__TASK INSTRUCTIONS__.
The material below holds pictures, which are to be left out; copy exactly the lines from the one with "漫画《情侣游戏》第20话第29张图" through the one with "PWY24W LED Turn Signal".

__PROVIDED MATERIAL__.
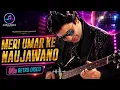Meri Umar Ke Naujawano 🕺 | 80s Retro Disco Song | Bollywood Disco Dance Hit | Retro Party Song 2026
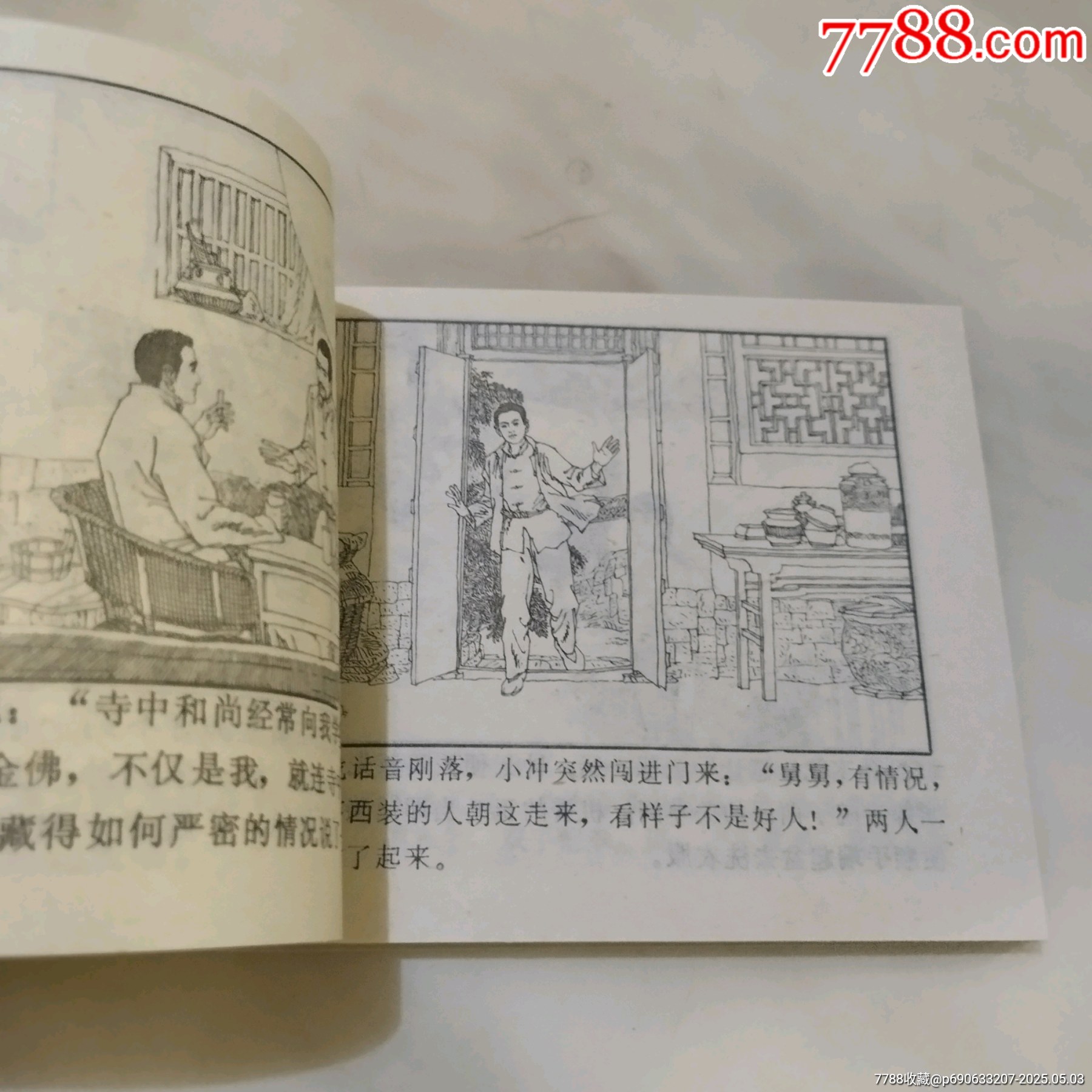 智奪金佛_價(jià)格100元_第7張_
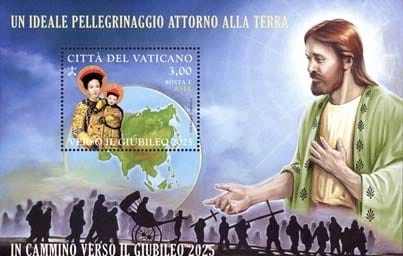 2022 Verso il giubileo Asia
* * *
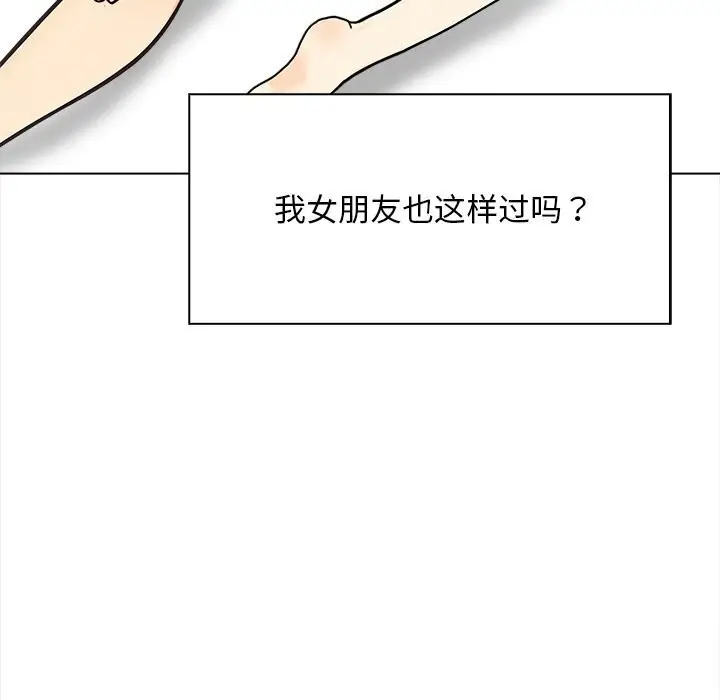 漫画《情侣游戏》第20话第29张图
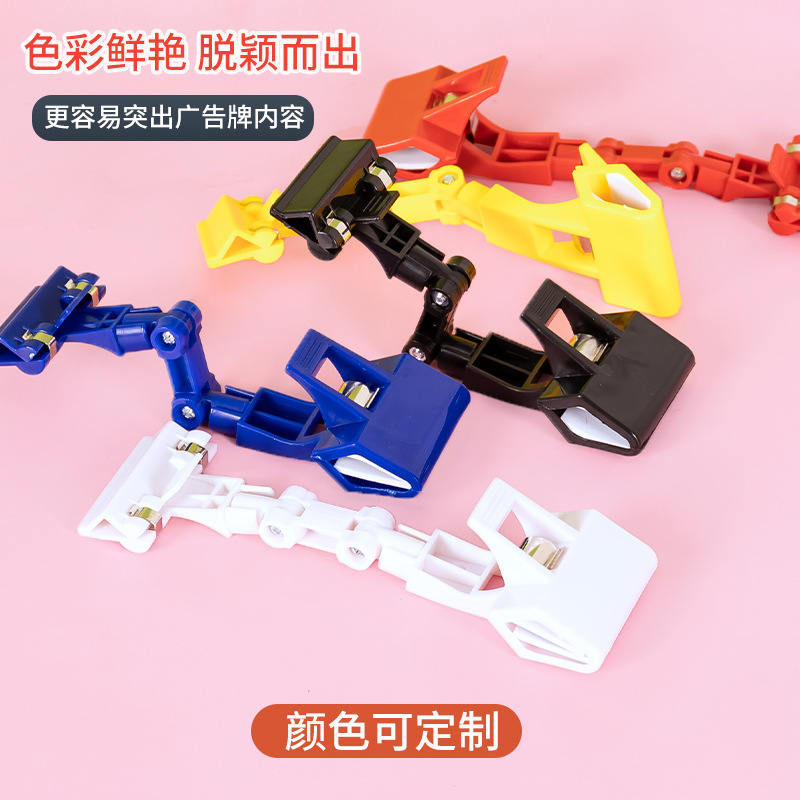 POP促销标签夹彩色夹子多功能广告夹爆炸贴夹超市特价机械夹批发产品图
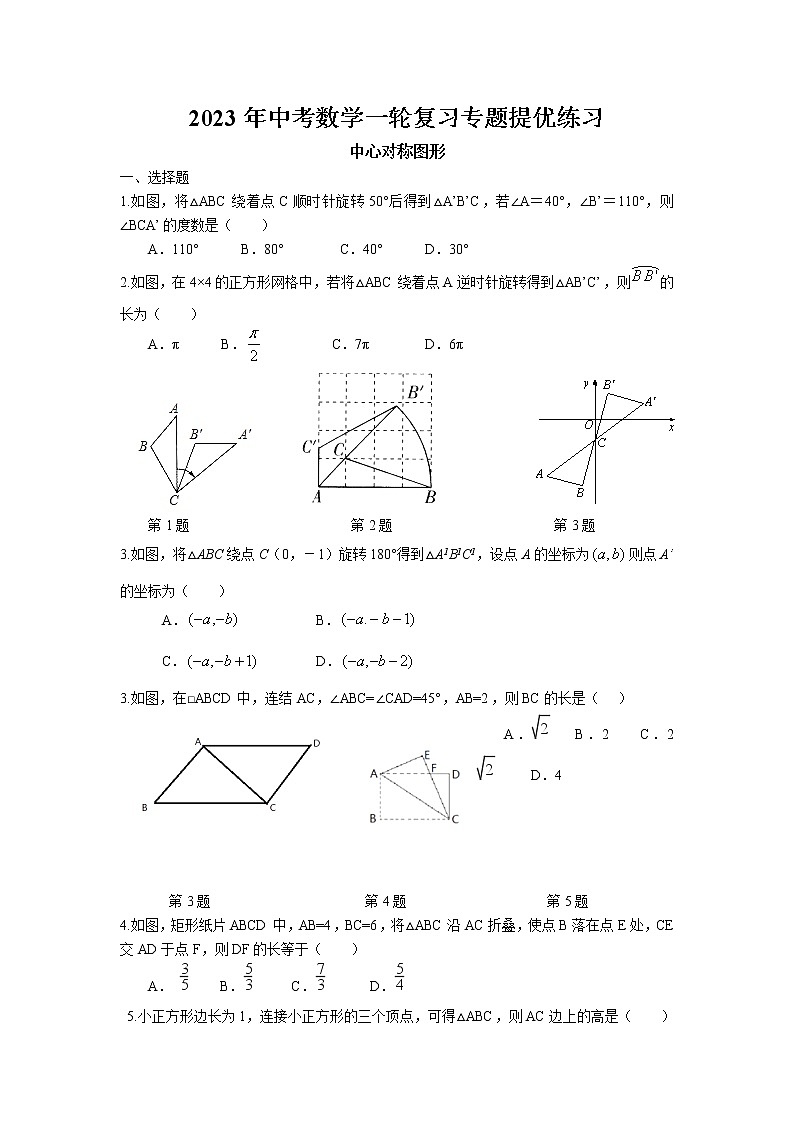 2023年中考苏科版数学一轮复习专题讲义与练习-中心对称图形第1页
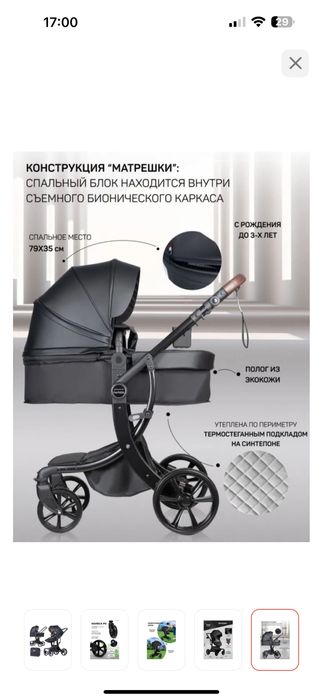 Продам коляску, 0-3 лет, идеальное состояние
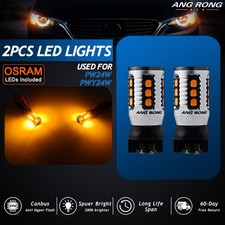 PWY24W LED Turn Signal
---
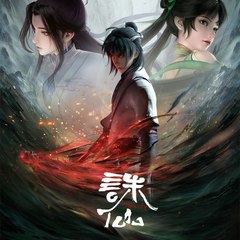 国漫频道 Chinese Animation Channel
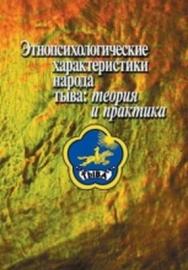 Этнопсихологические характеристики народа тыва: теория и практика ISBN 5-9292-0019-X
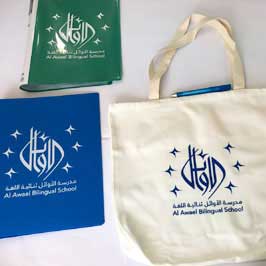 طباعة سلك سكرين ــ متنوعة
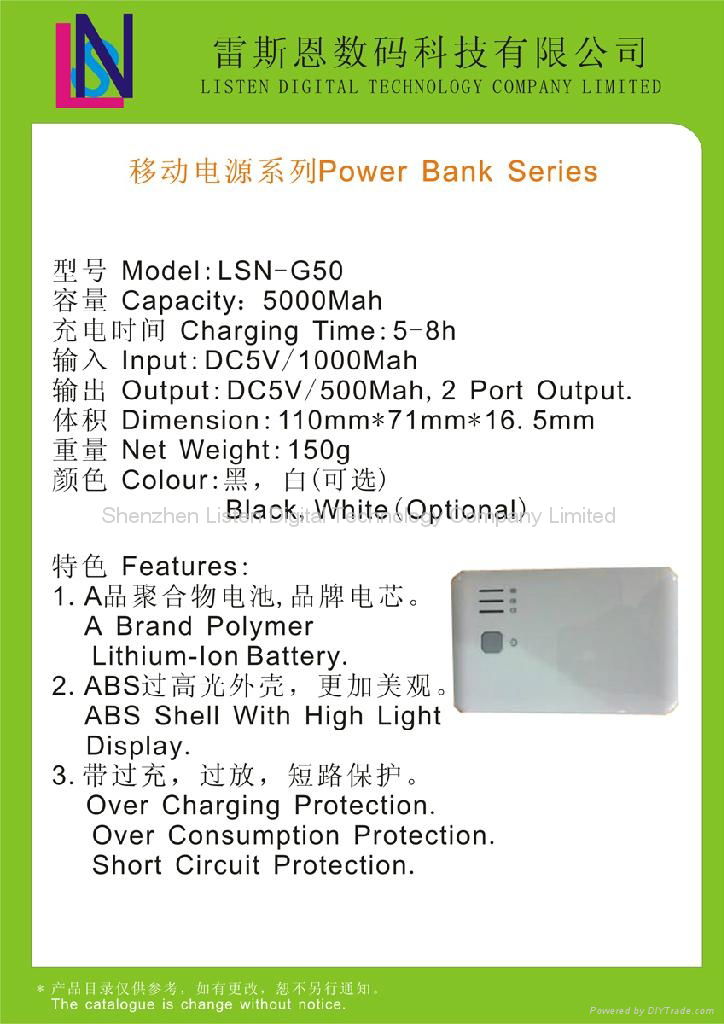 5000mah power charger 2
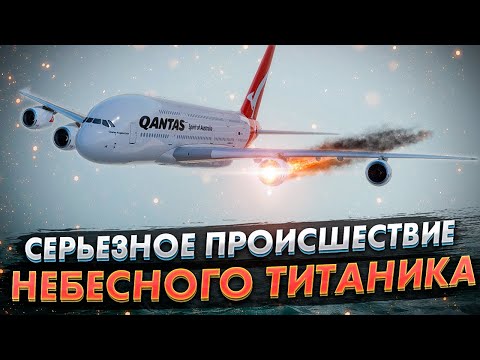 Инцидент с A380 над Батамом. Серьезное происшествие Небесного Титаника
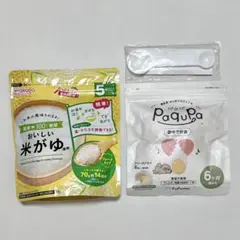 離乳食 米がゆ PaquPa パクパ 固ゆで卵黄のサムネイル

__SOLUTION__.
 漫画《情侣游戏》第20话第29张图
 POP促销标签夹彩色夹子多功能广告夹爆炸贴夹超市特价机械夹批发产品图
 2023年中考苏科版数学一轮复习专题讲义与练习-中心对称图形第1页
 Продам коляску, 0-3 лет, идеальное состояние
 PWY24W LED Turn Signal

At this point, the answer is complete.